Saturday, February 16, 2013

Emotional Honesty

Is it just men, or are women just as bad? I need to know.

The past few months have been excruciating, exhausting, numbing, life changing. Yet, I am attempting to move beyond the events that have forever changed me. I am listening to my girlfriend's advice and taking each day slow. I am listening to my soul. I am healing. Very, very slowly, I am healing.

One of the most important decisions I have made is to not date. I am going out with my guy friends, but I am making it clear that there are boundaries around this. This is for their own good, as well as mine, since they deserve a mentally and emotionally well person and I need to make sure I am making decisions based on sound principles and not on infatuation.

What I just don't get is why my guy friends cannot be honest with me when I am being honest with them.

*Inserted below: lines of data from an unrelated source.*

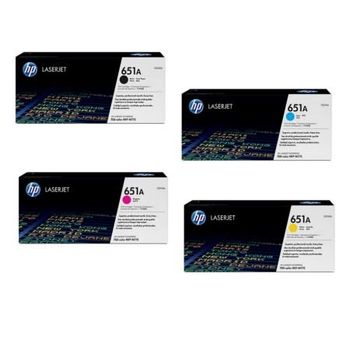 Original Multipack HP LaserJet Enterprise MFP M775z+ Printer Toner Cartridges (4 Pack) -CE340A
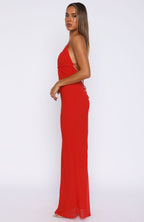 Put You First Maxi Dress Red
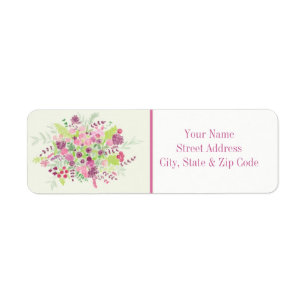 Étiquette de adresse de bouquet de ressort
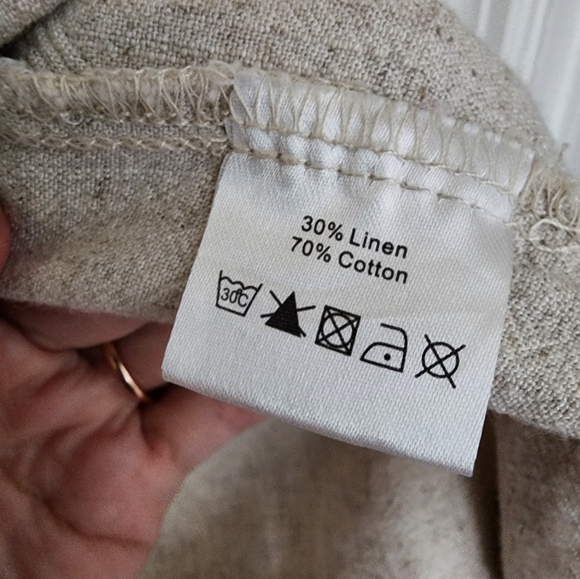Mint Flowy Tunic Size M, cream linen/cotton blend - Picture 6 of 7
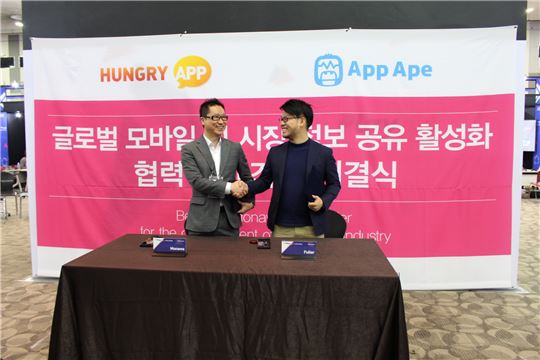 모나와 하일구 전략사업팀장(좌), 풀러 야스히로 미노 CRO(우).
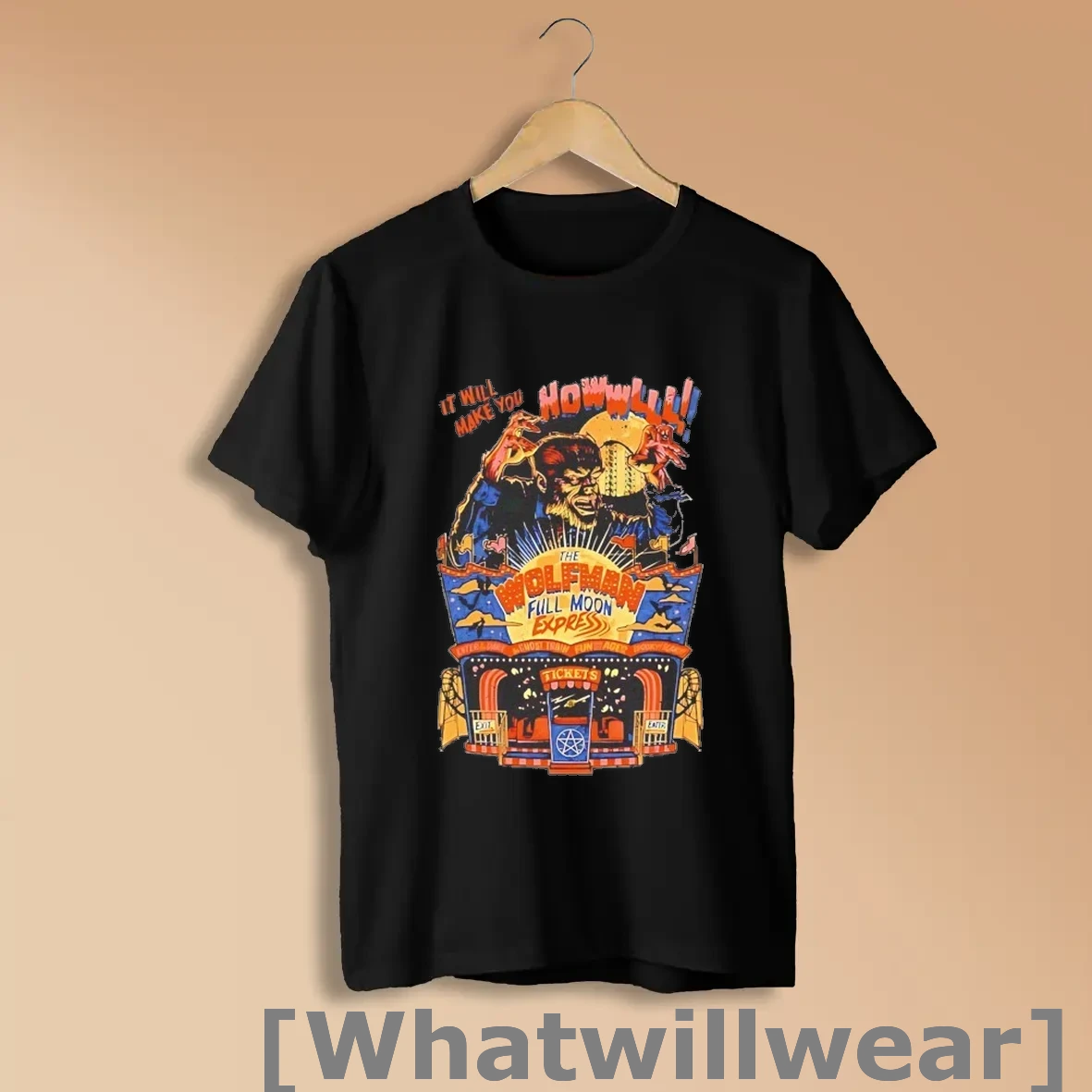 Official The Wolfman Full Moon Express It Will Make You Howl Halloween Shirts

One man who showed interest in dating me just lied to me completely when I told him I wasn't ready to date. He just completely stopped all the text messages, the phone calls and emails--cold turkey. When I called him out on this, instead of being honest, he denied it. When I said we could hang out as friends and take things slow, he agreed to this, but the event we had previously set up, he canceled on me and I haven't heard from him since. Why couldn't he just be honest with me, especially when I called him on it, asked him for honesty? Why couldn't he just come out and say he was only interested in fucking me and not interested in anything else?

Another friend said he was also getting over a relationship and wasn't ready to date and wanted to pick up a friendship where we had left off over a year ago, so the two of us hanging out and keeping things platonic for  now meshed very well.

What happened? Who the hell knows.  I haven't heard from him in over a week. I've sent him an email and a text message. Nothing. Nada. Zip. Zero.

Do these men seriously think they are doing us women a favor by lying to us this way? By not communicating with us? We know it's them with the problem.  By this time in our lives, we don't take it personal. They are the one's not in touch with their feelings. Yet, it still leaves us out in the dark, with no good explanation. Cold, unfeeling, drained, alone, blank.


A few years ago, I was dating a man. It was serious. Then, over a weekend, his mood changed. I could tell he was pulling away from me, but I didn't know why. Then two days later he calls me and says he considers me his best friend but doesn't want a romantic relationship. I was devastated. I knew there was more to the story, but he wouldn't communicate with me. A week later, I run into him in a bar with his arm around a woman that I knew he had a crush on but she had been in a relationship with someone else but had recently come back on the market.  Why couldn't he just tell me the truth? That he had started dating her? Didn't he know the truth would have been easier on me? It was easier on him to lie to me.

Maybe the men my age have been taught their entire lives to be so disconnected from their feelings that I am asking too much for them to now connect with their feelings.

I love this article on Sex and Men

There is a wonderful book called Iron John

In this book the author tells us that there are five steps of becoming a man.

1. Connection with then clean break with your mother
2. Connection with then clean break with your father
3. Being mentored by another older man
4. Apprenticeship to some hurricane energy
5. Marriage with the holy woman over the queen
Discussion on book, Iron John

Here is an article on how to maintain friendships: Friendships

I have to wonder, 'Have the men between the ages 30 and 60 been so damaged with the way they were raised, not capable of making emotional connections with women? Are they incapable of emotional honesty?

I have to wonder.


4 comments:

Mr. Marshie said...

Men experience much of what you've endured at the hands of their own mothers. Men are conditioned not to express emotion by mothers and men and society. Both my mother and step-mother told me to stuff it emotionally. "Be a man!" and other such bull. I didn't get to grow up as a man. I got to grow up as a male dominated by the expectations of moms that wanted sons that treated girls "right" rather than a person who understood himself emotionally and was able to communicate and connect in healthy fashions to men and women.

Another thing that is likely influencing this behavior that men give you: the idea women are fragile. I grow so tired of that idea. Women are strong and capable of handling things. Men are too. We just have to get passed the emotional constipation that we've got built up thanks to poor upbringing.

Alecia Harris said...

Marshall,
I totally agree...Mothers/women are very responsible for a lot of this conditioning.

Do you think its possible to change this conditioning? To turn it around? I so want to, I'm concerned that it may not be possible...

Mr. Marshie said...

Yes, I do believe men can. I am. I've been more emotional vulnerable than ever in my life. I know of other men that are doing this type of healing and shedding the patriarchal ideals of what masculinity is vs what it really is. Innately men are protective and a healthy man will allow him shelter in his mate, as he allows her shelter in him. I'm heart-sad that you have had such a brutal run with men.

Alecia Harris said...

I know I have changed. I see men like you who have changed, so I believe in the capacity to change.

I so wish for some love and luck in my life. I hope for it.